- Work order:
Locate, in the data below, the line that contains "电视格栅创意挂钟客厅2025新款简约现代大气时钟壁灯玄关餐厅钟表" and the line that contains "Pink Green White"; reproduce exactly those two lines and every line between them, nothing more.

- Source material:
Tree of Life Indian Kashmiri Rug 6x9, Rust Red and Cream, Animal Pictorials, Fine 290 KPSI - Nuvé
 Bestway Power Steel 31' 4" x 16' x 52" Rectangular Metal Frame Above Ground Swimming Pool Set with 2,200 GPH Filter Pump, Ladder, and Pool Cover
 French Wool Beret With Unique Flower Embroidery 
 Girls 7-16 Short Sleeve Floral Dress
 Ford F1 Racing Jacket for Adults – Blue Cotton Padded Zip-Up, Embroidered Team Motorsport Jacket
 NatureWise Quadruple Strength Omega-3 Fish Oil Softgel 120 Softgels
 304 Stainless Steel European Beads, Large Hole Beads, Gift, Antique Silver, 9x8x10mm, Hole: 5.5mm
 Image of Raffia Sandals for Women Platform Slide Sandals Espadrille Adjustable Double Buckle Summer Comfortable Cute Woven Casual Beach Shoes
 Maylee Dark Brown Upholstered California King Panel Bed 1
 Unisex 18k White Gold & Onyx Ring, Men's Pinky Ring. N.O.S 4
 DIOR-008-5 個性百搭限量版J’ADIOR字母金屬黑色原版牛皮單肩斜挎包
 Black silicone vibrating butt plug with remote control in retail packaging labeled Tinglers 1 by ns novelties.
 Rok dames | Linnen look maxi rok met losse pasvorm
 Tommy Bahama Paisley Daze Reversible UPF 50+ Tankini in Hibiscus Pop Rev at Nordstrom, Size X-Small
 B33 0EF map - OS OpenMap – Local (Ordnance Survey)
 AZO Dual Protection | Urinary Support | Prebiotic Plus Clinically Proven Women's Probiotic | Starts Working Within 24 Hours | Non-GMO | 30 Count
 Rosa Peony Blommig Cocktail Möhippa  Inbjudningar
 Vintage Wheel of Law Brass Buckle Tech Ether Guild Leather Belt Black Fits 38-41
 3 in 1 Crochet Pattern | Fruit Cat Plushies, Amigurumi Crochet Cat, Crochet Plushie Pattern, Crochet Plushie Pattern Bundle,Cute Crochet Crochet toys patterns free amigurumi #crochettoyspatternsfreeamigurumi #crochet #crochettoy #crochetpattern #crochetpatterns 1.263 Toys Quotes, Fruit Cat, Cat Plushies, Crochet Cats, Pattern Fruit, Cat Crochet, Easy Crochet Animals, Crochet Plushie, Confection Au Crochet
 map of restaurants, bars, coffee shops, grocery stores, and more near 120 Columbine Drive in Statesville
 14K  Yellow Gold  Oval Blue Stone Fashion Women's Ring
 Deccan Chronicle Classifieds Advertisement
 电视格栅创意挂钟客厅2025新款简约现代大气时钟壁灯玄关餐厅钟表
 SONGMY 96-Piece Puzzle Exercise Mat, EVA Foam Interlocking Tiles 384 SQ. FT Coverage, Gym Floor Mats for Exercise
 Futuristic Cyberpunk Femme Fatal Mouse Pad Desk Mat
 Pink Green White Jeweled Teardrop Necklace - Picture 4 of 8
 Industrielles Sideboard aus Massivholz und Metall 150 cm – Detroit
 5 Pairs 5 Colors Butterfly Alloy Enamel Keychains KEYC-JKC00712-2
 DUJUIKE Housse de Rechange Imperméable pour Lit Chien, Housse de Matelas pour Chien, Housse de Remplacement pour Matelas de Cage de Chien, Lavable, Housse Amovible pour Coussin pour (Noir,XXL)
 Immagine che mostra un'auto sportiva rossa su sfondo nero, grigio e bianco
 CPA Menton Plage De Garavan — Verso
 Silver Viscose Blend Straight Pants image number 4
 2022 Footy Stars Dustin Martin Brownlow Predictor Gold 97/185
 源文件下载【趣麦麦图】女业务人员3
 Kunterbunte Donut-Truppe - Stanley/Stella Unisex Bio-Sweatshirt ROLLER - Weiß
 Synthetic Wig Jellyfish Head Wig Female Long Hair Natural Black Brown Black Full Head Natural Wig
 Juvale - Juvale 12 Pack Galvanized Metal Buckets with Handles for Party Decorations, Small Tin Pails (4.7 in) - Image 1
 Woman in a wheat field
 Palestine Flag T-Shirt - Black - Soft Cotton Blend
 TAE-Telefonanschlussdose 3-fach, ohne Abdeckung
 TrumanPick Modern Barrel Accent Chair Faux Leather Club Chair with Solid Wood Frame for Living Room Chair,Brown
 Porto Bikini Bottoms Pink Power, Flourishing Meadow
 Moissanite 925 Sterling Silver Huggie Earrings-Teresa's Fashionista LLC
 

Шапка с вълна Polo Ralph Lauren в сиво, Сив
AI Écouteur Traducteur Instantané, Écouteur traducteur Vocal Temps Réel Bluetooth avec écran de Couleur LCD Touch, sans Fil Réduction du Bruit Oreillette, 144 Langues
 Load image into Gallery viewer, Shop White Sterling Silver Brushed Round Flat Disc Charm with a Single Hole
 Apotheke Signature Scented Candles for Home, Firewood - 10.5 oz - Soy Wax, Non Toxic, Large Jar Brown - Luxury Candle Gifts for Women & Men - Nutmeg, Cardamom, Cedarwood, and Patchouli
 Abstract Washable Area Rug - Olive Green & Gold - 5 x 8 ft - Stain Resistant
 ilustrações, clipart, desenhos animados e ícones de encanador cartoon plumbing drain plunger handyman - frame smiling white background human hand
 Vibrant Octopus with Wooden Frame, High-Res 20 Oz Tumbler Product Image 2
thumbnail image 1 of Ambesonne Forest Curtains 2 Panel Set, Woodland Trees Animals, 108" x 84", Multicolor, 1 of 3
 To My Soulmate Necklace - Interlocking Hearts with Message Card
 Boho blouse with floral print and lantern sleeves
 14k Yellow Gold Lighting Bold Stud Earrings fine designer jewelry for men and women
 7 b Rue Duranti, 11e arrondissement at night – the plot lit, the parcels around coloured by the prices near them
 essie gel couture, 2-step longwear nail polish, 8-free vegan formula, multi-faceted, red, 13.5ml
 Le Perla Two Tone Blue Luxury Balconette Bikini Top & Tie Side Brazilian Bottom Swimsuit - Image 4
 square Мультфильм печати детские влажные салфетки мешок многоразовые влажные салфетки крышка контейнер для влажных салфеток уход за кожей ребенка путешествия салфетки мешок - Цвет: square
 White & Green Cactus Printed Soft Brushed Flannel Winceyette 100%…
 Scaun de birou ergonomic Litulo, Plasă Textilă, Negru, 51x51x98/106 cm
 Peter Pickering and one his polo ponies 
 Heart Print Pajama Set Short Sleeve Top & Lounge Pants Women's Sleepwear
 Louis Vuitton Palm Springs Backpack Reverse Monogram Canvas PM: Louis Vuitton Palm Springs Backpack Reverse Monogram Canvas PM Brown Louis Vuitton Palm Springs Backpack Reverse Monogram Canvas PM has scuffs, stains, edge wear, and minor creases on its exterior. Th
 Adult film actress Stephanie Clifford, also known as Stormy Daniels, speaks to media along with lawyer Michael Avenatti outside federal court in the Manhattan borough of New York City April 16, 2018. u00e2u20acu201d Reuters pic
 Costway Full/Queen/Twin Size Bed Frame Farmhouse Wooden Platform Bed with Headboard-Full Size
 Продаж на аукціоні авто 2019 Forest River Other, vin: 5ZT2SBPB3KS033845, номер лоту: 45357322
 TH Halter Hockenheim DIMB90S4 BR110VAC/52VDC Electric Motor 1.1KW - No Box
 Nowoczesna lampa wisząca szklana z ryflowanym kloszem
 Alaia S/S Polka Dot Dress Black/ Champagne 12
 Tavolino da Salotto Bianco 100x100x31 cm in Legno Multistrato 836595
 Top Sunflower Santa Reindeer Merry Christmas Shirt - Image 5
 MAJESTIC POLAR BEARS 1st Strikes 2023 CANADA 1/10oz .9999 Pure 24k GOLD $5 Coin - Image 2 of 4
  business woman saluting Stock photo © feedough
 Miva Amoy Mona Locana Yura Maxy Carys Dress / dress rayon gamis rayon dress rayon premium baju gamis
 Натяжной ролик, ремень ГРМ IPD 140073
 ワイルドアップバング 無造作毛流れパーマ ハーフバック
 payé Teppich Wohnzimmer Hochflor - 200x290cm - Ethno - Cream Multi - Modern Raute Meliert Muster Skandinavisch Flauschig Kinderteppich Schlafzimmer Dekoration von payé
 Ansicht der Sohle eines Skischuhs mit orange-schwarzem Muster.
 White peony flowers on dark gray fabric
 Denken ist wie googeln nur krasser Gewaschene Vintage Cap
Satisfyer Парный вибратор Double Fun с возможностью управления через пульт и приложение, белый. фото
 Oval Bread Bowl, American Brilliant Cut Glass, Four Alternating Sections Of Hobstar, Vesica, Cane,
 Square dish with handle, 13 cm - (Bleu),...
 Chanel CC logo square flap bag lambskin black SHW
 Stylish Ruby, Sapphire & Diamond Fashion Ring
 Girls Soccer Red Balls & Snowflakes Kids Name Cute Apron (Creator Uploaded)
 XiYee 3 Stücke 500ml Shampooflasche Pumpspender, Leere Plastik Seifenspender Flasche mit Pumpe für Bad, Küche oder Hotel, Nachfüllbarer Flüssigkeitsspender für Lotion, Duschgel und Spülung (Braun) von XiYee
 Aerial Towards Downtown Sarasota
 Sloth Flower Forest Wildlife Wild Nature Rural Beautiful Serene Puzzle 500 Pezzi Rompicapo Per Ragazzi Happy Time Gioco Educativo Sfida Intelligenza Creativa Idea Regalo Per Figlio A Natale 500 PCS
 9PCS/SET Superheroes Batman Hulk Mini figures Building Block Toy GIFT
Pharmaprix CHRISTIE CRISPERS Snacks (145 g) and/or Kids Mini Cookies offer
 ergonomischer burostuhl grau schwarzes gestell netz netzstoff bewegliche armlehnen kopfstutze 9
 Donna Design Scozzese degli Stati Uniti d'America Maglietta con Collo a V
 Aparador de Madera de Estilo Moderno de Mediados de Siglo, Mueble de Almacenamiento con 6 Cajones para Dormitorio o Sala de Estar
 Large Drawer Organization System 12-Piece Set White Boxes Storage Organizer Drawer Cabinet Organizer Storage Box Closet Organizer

- Reply:
 电视格栅创意挂钟客厅2025新款简约现代大气时钟壁灯玄关餐厅钟表
 SONGMY 96-Piece Puzzle Exercise Mat, EVA Foam Interlocking Tiles 384 SQ. FT Coverage, Gym Floor Mats for Exercise
 Futuristic Cyberpunk Femme Fatal Mouse Pad Desk Mat
 Pink Green White Jeweled Teardrop Necklace - Picture 4 of 8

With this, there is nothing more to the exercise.